Provided records →
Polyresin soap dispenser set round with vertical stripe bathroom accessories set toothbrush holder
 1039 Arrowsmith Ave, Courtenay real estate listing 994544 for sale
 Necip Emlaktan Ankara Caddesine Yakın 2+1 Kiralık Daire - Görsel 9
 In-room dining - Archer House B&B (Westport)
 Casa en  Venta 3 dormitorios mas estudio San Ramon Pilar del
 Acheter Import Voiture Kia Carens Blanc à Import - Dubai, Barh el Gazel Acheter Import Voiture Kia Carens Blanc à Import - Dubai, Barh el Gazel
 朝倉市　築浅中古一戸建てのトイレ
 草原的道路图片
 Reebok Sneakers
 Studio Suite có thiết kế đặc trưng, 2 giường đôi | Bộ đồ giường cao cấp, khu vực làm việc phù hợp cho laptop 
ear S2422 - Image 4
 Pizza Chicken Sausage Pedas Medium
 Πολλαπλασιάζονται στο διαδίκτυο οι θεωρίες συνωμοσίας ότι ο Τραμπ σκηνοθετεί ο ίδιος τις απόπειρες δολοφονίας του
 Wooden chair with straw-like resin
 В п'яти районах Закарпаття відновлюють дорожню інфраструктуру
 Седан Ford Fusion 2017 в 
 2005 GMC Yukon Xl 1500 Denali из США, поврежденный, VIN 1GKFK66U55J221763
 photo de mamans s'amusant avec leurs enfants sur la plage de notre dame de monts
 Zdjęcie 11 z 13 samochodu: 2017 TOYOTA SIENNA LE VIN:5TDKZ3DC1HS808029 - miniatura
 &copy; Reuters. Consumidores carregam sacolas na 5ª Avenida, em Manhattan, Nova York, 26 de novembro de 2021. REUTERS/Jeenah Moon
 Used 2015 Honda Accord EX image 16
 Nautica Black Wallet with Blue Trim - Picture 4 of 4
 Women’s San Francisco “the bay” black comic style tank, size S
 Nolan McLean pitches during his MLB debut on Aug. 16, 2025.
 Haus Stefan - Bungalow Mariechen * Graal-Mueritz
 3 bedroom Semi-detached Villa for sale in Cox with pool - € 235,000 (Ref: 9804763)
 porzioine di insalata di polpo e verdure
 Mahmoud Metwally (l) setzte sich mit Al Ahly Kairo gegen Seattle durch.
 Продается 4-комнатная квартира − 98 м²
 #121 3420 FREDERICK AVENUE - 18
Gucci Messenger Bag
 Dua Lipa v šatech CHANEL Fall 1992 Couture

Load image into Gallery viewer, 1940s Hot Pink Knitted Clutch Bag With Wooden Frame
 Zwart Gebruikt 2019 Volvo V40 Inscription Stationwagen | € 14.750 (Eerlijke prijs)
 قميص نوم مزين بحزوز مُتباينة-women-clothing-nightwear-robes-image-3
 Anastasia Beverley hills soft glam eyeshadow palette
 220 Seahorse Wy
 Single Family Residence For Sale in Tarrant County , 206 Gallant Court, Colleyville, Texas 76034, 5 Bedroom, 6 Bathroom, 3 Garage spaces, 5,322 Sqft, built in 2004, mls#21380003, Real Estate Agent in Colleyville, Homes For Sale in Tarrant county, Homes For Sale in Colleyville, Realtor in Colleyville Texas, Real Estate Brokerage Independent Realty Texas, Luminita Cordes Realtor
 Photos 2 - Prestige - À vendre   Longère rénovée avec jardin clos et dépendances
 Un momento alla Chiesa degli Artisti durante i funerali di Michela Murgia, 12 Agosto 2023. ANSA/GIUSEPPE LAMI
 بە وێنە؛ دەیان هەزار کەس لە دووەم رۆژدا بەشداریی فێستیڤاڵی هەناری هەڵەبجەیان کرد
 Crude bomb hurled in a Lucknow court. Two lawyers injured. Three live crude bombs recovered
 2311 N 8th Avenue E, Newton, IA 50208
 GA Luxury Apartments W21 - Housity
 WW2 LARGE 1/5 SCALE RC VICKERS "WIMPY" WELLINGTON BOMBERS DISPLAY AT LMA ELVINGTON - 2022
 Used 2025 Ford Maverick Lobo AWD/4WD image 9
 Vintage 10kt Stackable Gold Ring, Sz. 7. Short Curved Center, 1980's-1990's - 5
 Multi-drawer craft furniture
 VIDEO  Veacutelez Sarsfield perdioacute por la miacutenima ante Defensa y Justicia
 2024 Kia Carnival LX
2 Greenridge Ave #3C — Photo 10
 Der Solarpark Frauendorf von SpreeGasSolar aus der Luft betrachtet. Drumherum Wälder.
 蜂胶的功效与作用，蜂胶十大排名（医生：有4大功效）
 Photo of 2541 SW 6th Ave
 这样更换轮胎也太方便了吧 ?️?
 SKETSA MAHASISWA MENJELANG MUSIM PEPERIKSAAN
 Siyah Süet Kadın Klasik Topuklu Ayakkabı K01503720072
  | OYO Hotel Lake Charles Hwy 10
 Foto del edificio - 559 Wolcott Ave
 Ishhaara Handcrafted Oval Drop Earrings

What the task asks → Please give an exact copy of the entries above, from the line with "Mahmoud Metwally (l)" down to the line with "Load image into", inclusive, and nothing else.

Result of this exercise →
 Mahmoud Metwally (l) setzte sich mit Al Ahly Kairo gegen Seattle durch.
 Продается 4-комнатная квартира − 98 м²
 #121 3420 FREDERICK AVENUE - 18
Gucci Messenger Bag
 Dua Lipa v šatech CHANEL Fall 1992 Couture

Load image into Gallery viewer, 1940s Hot Pink Knitted Clutch Bag With Wooden Frame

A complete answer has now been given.